ATHENS — The collapse of Greece’s dominant parties in Sunday’s elections swept a new political force onto the scene here: the Coalition of the Radical Left, or Syriza, a pro-euro yet anti-austerity party that has Greece’s creditors trembling with its calls for the country to reject its current loan agreement and nationalize the banks.
Although Syriza’s energetic 37-year-old leader, Alexis Tsipras, failed to form a left-wing governing coalition, his party’s unexpected success — with 16.8 percent of the vote, besting the once-mighty Socialists, who garnered only 13 percent, and placing second after the center-right New Democracy’s 18.8 percent — has upended Greece’s political order.
As political leaders struggle to form a government, Mr. Tsipras has emerged as a rising star in Greek politics. He turned down an offer from the Socialists to join a multiparty coalition, that way making it ever more likely that Greece will be forced into new elections next month. If so, that will be fine with Mr. Tsipras, whose party is now the country’s most popular, with support from 24 percent of the electorate, according to a survey this week by the polling company Marc for the Alpha television channel.
Mr.
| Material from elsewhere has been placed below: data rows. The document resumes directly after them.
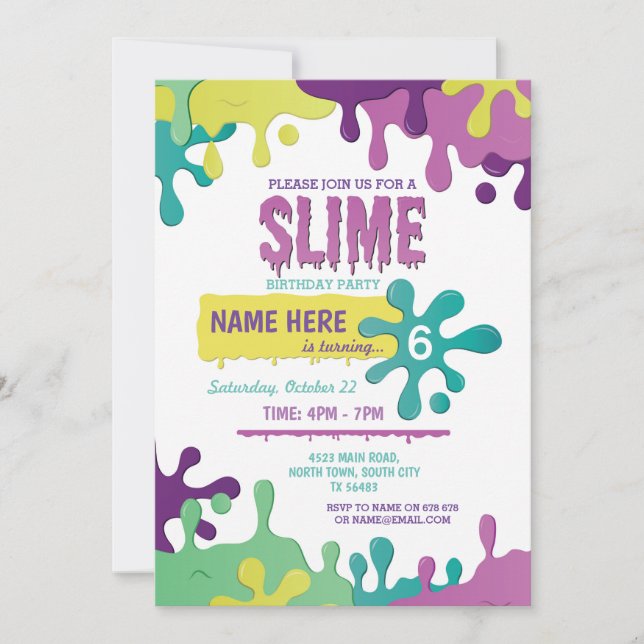 Slime Birthday Drivers Girls Pink Invitation (Devant)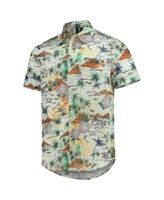 Men's Tommy Bahama Cream Oklahoma State Cowboys Paradise Fly Ball Camp Button-Up Shirt Size: Large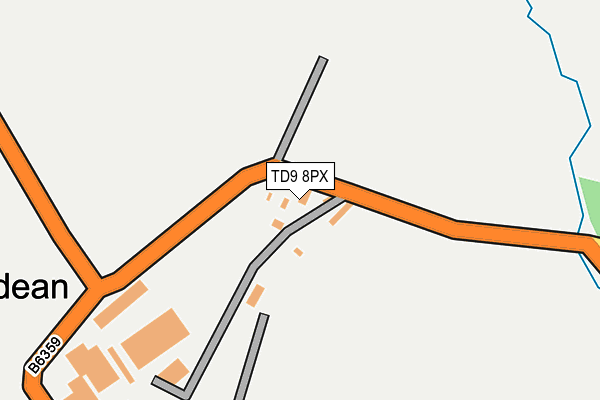 TD9 8PX map - OS OpenMap – Local (Ordnance Survey)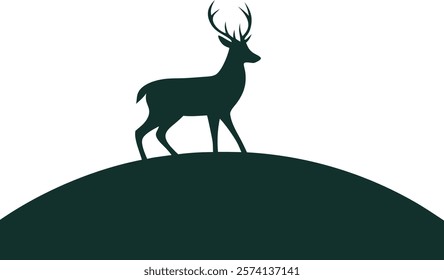 Minimalist deer silhouette set against a serene gradient forest landscape, perfect for nature-inspired digital art and decor.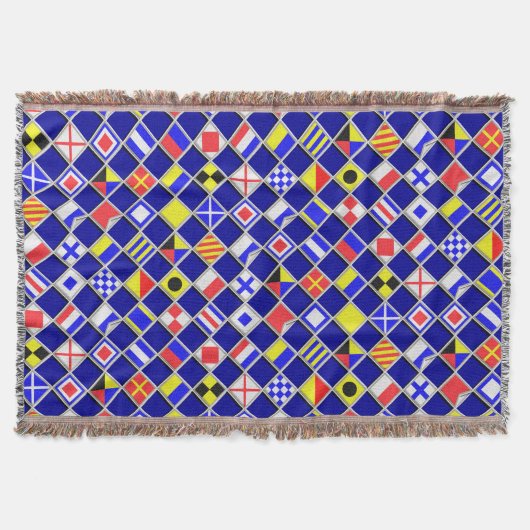 3D Effect Gecontroleerde Nautical Flag tiles Motif Deken (Voorkant)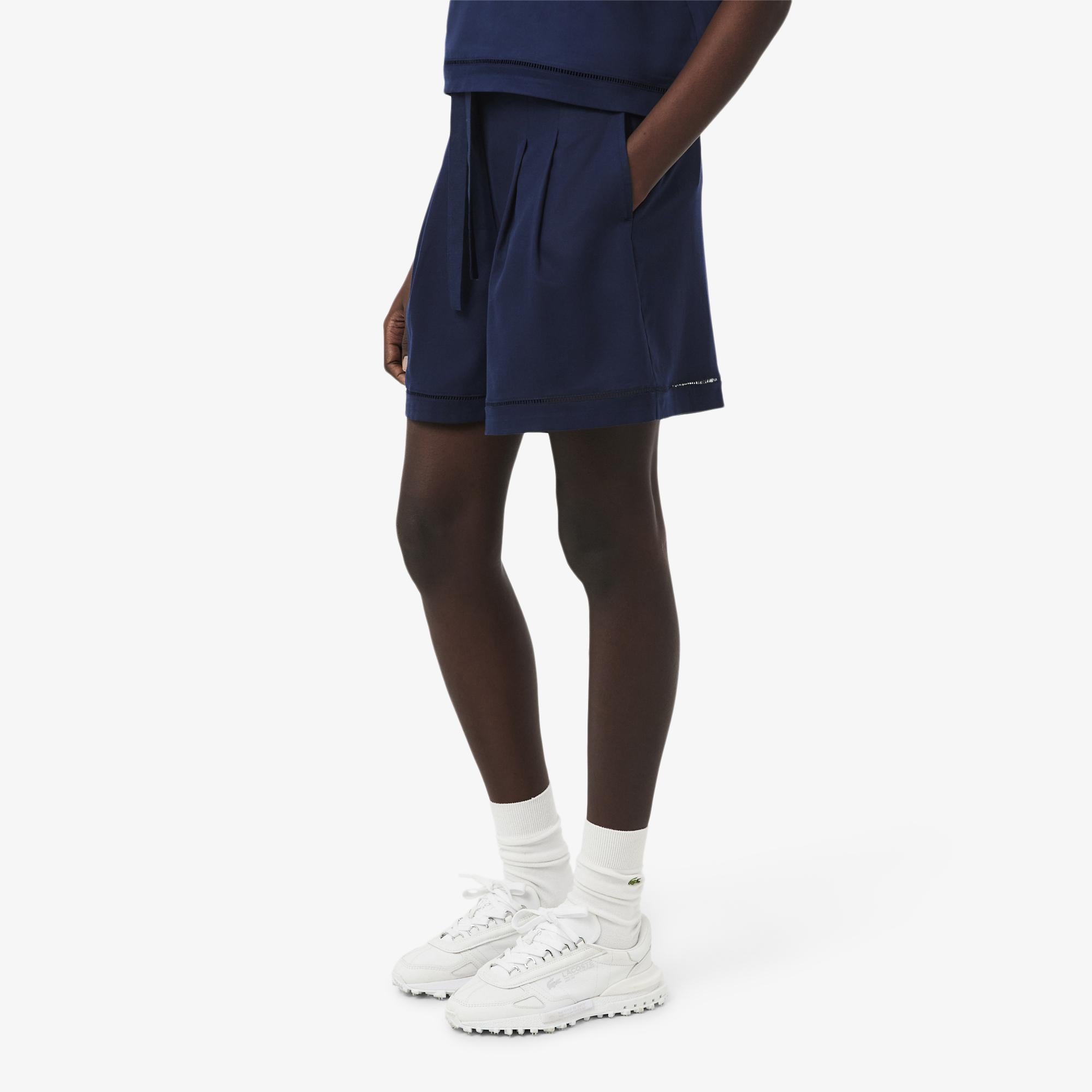 Kadın Oversize Fit Lacivert Bermuda Şort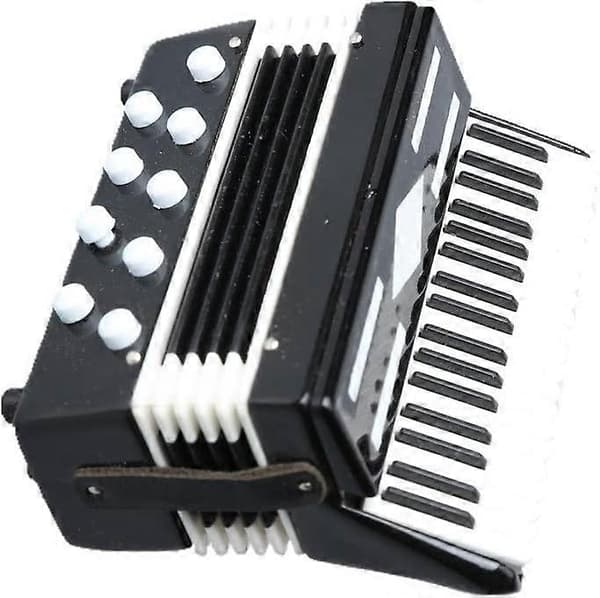 Miniature Harmonika med Æske Mini Instrument Replika Samleobjekter Miniature Dukkehus Model Hjem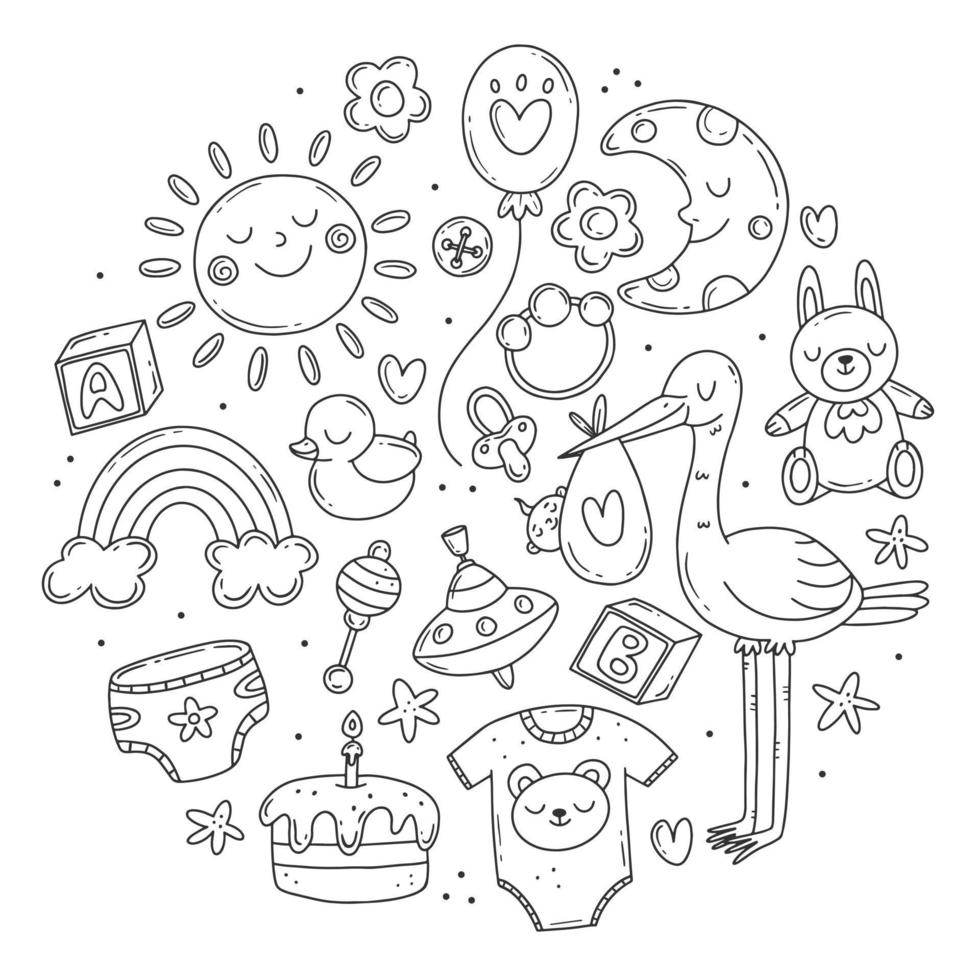 Set with black and white elements on the theme of the birth of a child in a simple cute doodle style in the form of a circle. Vector baby illustration isolated on background.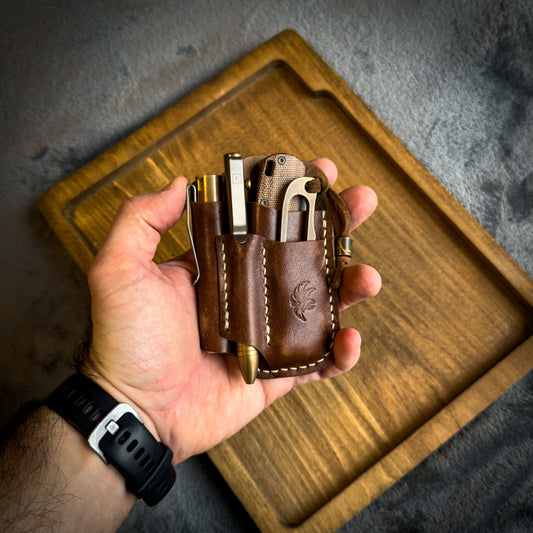 American Walnut (Brown) Leather Edc Pocket Organizer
Tsipras is hoping to follow the success of François Hollande in France and ride a tide of anti-austerity sentiment to convince even more Greeks that Syriza is not simply a protest vote but a responsible alternative to the status quo, a break from four decades of ossified two-party government in a country where the debt crisis has redrawn the political map.
“I could not even imagine some months ago that Tsipras would be the second party and would have a chance to rule,” said Nikos Xydakis, a political analyst. In Mr. Xydakis’s view, after the cold war and the boom years, the debt crisis pushed Greece into a new historical cycle. “We are in the beginning of the great European depression, and Greece is the first link to crack, so politics change and Alexis Tsipras tries to begin another circle. He’s very good at capturing the momentum.”